--- DATA SHOWN ---
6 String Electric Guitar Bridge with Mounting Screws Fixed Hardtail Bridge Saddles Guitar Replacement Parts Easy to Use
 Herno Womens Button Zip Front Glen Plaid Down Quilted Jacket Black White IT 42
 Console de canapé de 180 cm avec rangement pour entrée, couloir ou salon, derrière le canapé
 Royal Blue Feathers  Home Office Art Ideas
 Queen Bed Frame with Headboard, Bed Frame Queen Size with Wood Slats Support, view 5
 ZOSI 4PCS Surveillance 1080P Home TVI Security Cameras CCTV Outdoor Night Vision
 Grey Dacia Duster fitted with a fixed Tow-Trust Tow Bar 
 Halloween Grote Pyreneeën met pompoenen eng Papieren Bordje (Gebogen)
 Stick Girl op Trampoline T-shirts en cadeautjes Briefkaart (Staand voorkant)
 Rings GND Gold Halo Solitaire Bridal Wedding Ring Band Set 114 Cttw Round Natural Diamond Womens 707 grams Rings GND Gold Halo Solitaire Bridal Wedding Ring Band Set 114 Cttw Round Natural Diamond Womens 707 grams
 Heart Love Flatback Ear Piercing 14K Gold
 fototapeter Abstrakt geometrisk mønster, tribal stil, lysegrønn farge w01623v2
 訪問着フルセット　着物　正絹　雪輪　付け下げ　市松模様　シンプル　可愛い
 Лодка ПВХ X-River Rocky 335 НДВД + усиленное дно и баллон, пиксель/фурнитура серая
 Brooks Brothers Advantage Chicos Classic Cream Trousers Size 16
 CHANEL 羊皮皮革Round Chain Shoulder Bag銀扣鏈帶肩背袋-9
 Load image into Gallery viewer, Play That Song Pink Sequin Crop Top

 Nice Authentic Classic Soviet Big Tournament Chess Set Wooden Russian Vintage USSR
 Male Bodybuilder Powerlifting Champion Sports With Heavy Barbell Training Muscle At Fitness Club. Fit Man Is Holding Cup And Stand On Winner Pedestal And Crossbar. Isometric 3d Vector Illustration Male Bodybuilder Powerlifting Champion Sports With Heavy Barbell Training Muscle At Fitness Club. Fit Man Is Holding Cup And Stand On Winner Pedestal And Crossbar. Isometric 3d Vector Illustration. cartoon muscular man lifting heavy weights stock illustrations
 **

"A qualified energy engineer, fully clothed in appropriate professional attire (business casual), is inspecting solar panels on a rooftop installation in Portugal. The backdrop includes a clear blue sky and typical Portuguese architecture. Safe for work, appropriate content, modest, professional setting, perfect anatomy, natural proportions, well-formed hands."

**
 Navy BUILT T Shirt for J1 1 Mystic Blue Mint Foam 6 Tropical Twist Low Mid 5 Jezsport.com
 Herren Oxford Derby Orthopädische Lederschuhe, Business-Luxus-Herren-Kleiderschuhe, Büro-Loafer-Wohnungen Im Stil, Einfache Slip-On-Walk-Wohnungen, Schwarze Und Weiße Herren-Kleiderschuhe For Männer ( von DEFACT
---
### TASK DESCRIPTION
Repeat exactly the lines of the data from the first one through the line with "ZOSI 4PCS Surveillance", both of them included.

### EXERCISE RESULT
6 String Electric Guitar Bridge with Mounting Screws Fixed Hardtail Bridge Saddles Guitar Replacement Parts Easy to Use
 Herno Womens Button Zip Front Glen Plaid Down Quilted Jacket Black White IT 42
 Console de canapé de 180 cm avec rangement pour entrée, couloir ou salon, derrière le canapé
 Royal Blue Feathers  Home Office Art Ideas
 Queen Bed Frame with Headboard, Bed Frame Queen Size with Wood Slats Support, view 5
 ZOSI 4PCS Surveillance 1080P Home TVI Security Cameras CCTV Outdoor Night Vision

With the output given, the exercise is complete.